François Fillon, the frontrunner to win the rightwing primary on Sunday has come under fire for telling a female politician when he was French PM that she could not be a minister because she was pregnant.

'You can't be minister if you're pregnant': Fillon told politician
François Fillon and Nathalie Kosciusko-Morizet. Photo: AFP

Nathalie Kosciusko-Morizet was a member of the government when Fillon was prime minister between 2007 and 2012.

Kosciusko-Morizet, known just as NKM in France, confirmed this week that Fillon told her in 2009: “You cannot be minister because you are pregnant.”

Her claim first emerged in a 2013 interview but was being revisited this week as Fillon and his conservative views on society came under the spotlight in the run up to Sunday’s crucial runoff vote.

Fillon is the favourite to win Sunday's vote, which would then make him the favourite to become president, but he has come under fire this week from women’s rights groups notably for his views around abortion, which he is openly against.

The view that he is too conservative and traditionalist, and perhaps not the man to uphold women’s rights, will only be reinforced by his previous comment to NKM, who after being defeated in last Sunday’s first round has now offered her support to Fillon's rival Alain Juppé.

NKM, however, tried to play down the controversy this week.

“It’s an old subject and I don’t want to bring it back to today’s debate,” she told France Info radio.

“This is a problem in French society as a whole,” NKM said. She then defended Fillon, whose own wife gave up a chance of a career in law to raise their five children.

“He told me he regretted it and I found that elegant,” said NKM.

For his part Fillon told Europe1 radio on Wednesday his version of the story.

“At the time Kosciusko-Morizet absolutely wanted to become a minister, a month after being named secretary of state.

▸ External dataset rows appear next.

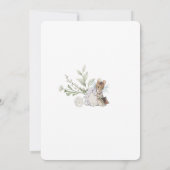 Peter das Kaninchen Wildblume Baby ist unterwegs Einladung (Rückseite)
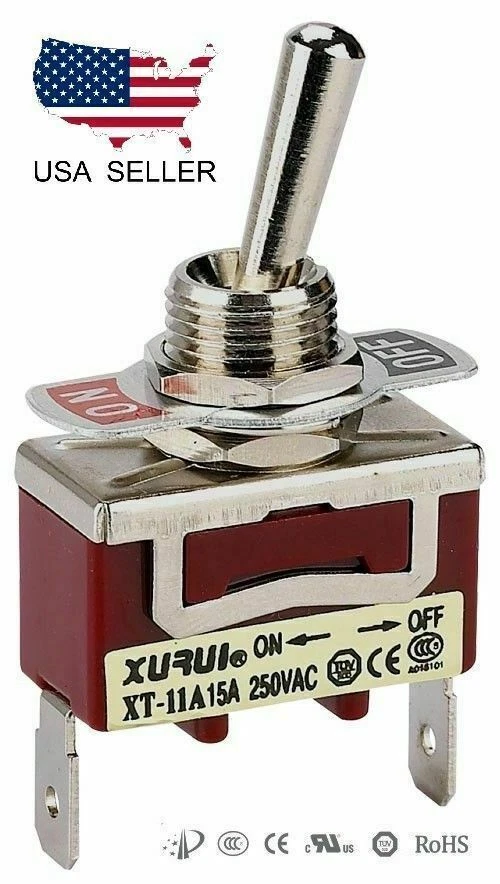 XURUI HEAVY DUTY SPST ON-OFF TOGGLE SWITCH 20A 125V, 15A 250V SPADE TERMINALS (11A)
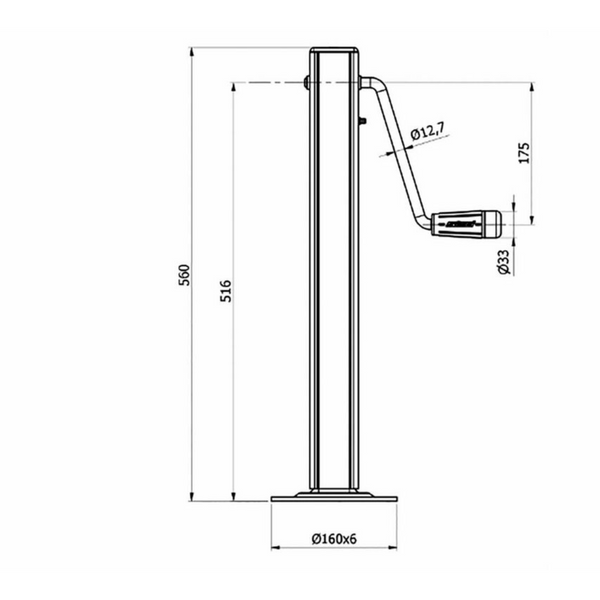 Servotimone con manovella laterale Simol 60x560mm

“I told her she would not be a minister and would remain secretary of state and I said an awkward expression about her pregnancy. I then called her to apologise,” Fillon said.

“She has recognised my quality for being able to apologize for a bad joke.” 

Fillon has however highlighted his work to protect women when he was PM, notably the laws that were passed to crack down on violence towards women and promote equality in board rooms.

He is also supported by the “Women with Fillon” movement, which has tried to promote him as the the candidate who has the interests of women at heart.